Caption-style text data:
= Beginning of Section =

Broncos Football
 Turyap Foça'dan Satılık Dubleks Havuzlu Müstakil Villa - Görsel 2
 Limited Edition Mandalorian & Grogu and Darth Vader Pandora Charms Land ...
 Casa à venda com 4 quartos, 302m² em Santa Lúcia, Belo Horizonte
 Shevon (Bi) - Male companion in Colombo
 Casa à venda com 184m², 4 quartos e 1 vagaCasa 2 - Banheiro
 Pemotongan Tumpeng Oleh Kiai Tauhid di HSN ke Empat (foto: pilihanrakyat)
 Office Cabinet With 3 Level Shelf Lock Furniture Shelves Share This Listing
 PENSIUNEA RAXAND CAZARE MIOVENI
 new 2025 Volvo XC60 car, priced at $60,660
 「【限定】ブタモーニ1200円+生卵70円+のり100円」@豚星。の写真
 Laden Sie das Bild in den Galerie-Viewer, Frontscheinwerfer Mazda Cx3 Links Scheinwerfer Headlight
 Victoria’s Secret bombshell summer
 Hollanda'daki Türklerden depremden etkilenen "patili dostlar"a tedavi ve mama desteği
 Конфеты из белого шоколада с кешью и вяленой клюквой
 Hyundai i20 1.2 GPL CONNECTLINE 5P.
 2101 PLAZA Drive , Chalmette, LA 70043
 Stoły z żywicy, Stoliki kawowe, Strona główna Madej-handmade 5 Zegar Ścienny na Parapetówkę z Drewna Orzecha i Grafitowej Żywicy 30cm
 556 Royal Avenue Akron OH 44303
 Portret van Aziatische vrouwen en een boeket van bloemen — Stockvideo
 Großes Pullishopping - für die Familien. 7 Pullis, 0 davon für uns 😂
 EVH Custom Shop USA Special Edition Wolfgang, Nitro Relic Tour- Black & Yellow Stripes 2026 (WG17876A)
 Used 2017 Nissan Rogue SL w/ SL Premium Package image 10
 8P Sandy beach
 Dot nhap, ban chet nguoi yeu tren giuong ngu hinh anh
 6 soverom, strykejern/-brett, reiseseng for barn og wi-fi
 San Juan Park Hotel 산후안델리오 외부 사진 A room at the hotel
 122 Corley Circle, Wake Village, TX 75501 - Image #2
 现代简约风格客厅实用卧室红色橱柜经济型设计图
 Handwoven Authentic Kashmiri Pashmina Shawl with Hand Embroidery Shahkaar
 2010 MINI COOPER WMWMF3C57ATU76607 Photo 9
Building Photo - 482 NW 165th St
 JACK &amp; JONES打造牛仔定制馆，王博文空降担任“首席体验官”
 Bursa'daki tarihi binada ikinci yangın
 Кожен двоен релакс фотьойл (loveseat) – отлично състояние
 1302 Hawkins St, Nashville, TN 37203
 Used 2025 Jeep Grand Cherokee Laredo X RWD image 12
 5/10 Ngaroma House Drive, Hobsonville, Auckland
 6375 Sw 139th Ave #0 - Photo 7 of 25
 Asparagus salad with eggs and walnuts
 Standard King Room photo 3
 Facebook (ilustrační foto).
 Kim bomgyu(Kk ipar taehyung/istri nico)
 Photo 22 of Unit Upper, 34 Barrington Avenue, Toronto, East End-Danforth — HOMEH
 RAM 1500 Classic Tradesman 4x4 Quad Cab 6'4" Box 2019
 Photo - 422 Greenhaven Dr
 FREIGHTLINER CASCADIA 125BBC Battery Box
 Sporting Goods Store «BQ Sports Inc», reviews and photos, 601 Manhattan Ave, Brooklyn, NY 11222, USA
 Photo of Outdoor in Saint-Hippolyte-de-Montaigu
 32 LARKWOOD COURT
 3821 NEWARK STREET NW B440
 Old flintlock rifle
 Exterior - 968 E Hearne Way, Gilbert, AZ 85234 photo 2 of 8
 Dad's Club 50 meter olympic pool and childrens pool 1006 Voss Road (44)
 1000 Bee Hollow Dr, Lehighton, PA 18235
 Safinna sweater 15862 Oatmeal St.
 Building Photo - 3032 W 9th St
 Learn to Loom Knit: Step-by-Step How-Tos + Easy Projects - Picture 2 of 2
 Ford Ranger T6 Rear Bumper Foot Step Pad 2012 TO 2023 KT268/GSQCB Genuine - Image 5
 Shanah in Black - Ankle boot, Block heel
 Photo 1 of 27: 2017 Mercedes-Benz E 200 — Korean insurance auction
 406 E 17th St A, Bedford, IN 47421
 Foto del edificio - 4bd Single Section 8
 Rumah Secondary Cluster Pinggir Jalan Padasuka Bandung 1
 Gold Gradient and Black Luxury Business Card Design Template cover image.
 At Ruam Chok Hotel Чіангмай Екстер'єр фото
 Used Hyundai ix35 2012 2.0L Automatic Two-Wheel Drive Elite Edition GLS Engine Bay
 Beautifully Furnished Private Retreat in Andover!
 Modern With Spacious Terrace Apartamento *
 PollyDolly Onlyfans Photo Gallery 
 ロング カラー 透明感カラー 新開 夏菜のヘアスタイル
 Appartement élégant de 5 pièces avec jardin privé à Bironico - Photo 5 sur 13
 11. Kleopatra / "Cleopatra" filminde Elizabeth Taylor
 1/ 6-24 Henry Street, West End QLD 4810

= End of Section =

## Task details
Copy out each entry precisely. Leave nothing out.

## Exercise result
Broncos Football
 Turyap Foça'dan Satılık Dubleks Havuzlu Müstakil Villa - Görsel 2
 Limited Edition Mandalorian & Grogu and Darth Vader Pandora Charms Land ...
 Casa à venda com 4 quartos, 302m² em Santa Lúcia, Belo Horizonte
 Shevon (Bi) - Male companion in Colombo
 Casa à venda com 184m², 4 quartos e 1 vagaCasa 2 - Banheiro
 Pemotongan Tumpeng Oleh Kiai Tauhid di HSN ke Empat (foto: pilihanrakyat)
 Office Cabinet With 3 Level Shelf Lock Furniture Shelves Share This Listing
 PENSIUNEA RAXAND CAZARE MIOVENI
 new 2025 Volvo XC60 car, priced at $60,660
 「【限定】ブタモーニ1200円+生卵70円+のり100円」@豚星。の写真
 Laden Sie das Bild in den Galerie-Viewer, Frontscheinwerfer Mazda Cx3 Links Scheinwerfer Headlight
 Victoria’s Secret bombshell summer
 Hollanda'daki Türklerden depremden etkilenen "patili dostlar"a tedavi ve mama desteği
 Конфеты из белого шоколада с кешью и вяленой клюквой
 Hyundai i20 1.2 GPL CONNECTLINE 5P.
 2101 PLAZA Drive , Chalmette, LA 70043
 Stoły z żywicy, Stoliki kawowe, Strona główna Madej-handmade 5 Zegar Ścienny na Parapetówkę z Drewna Orzecha i Grafitowej Żywicy 30cm
 556 Royal Avenue Akron OH 44303
 Portret van Aziatische vrouwen en een boeket van bloemen — Stockvideo
 Großes Pullishopping - für die Familien. 7 Pullis, 0 davon für uns 😂
 EVH Custom Shop USA Special Edition Wolfgang, Nitro Relic Tour- Black & Yellow Stripes 2026 (WG17876A)
 Used 2017 Nissan Rogue SL w/ SL Premium Package image 10
 8P Sandy beach
 Dot nhap, ban chet nguoi yeu tren giuong ngu hinh anh
 6 soverom, strykejern/-brett, reiseseng for barn og wi-fi
 San Juan Park Hotel 산후안델리오 외부 사진 A room at the hotel
 122 Corley Circle, Wake Village, TX 75501 - Image #2
 现代简约风格客厅实用卧室红色橱柜经济型设计图
 Handwoven Authentic Kashmiri Pashmina Shawl with Hand Embroidery Shahkaar
 2010 MINI COOPER WMWMF3C57ATU76607 Photo 9
Building Photo - 482 NW 165th St
 JACK &amp; JONES打造牛仔定制馆，王博文空降担任“首席体验官”
 Bursa'daki tarihi binada ikinci yangın
 Кожен двоен релакс фотьойл (loveseat) – отлично състояние
 1302 Hawkins St, Nashville, TN 37203
 Used 2025 Jeep Grand Cherokee Laredo X RWD image 12
 5/10 Ngaroma House Drive, Hobsonville, Auckland
 6375 Sw 139th Ave #0 - Photo 7 of 25
 Asparagus salad with eggs and walnuts
 Standard King Room photo 3
 Facebook (ilustrační foto).
 Kim bomgyu(Kk ipar taehyung/istri nico)
 Photo 22 of Unit Upper, 34 Barrington Avenue, Toronto, East End-Danforth — HOMEH
 RAM 1500 Classic Tradesman 4x4 Quad Cab 6'4" Box 2019
 Photo - 422 Greenhaven Dr
 FREIGHTLINER CASCADIA 125BBC Battery Box
 Sporting Goods Store «BQ Sports Inc», reviews and photos, 601 Manhattan Ave, Brooklyn, NY 11222, USA
 Photo of Outdoor in Saint-Hippolyte-de-Montaigu
 32 LARKWOOD COURT
 3821 NEWARK STREET NW B440
 Old flintlock rifle
 Exterior - 968 E Hearne Way, Gilbert, AZ 85234 photo 2 of 8
 Dad's Club 50 meter olympic pool and childrens pool 1006 Voss Road (44)
 1000 Bee Hollow Dr, Lehighton, PA 18235
 Safinna sweater 15862 Oatmeal St.
 Building Photo - 3032 W 9th St
 Learn to Loom Knit: Step-by-Step How-Tos + Easy Projects - Picture 2 of 2
 Ford Ranger T6 Rear Bumper Foot Step Pad 2012 TO 2023 KT268/GSQCB Genuine - Image 5
 Shanah in Black - Ankle boot, Block heel
 Photo 1 of 27: 2017 Mercedes-Benz E 200 — Korean insurance auction
 406 E 17th St A, Bedford, IN 47421
 Foto del edificio - 4bd Single Section 8
 Rumah Secondary Cluster Pinggir Jalan Padasuka Bandung 1
 Gold Gradient and Black Luxury Business Card Design Template cover image.
 At Ruam Chok Hotel Чіангмай Екстер'єр фото
 Used Hyundai ix35 2012 2.0L Automatic Two-Wheel Drive Elite Edition GLS Engine Bay
 Beautifully Furnished Private Retreat in Andover!
 Modern With Spacious Terrace Apartamento *
 PollyDolly Onlyfans Photo Gallery 
 ロング カラー 透明感カラー 新開 夏菜のヘアスタイル
 Appartement élégant de 5 pièces avec jardin privé à Bironico - Photo 5 sur 13
 11. Kleopatra / "Cleopatra" filminde Elizabeth Taylor
 1/ 6-24 Henry Street, West End QLD 4810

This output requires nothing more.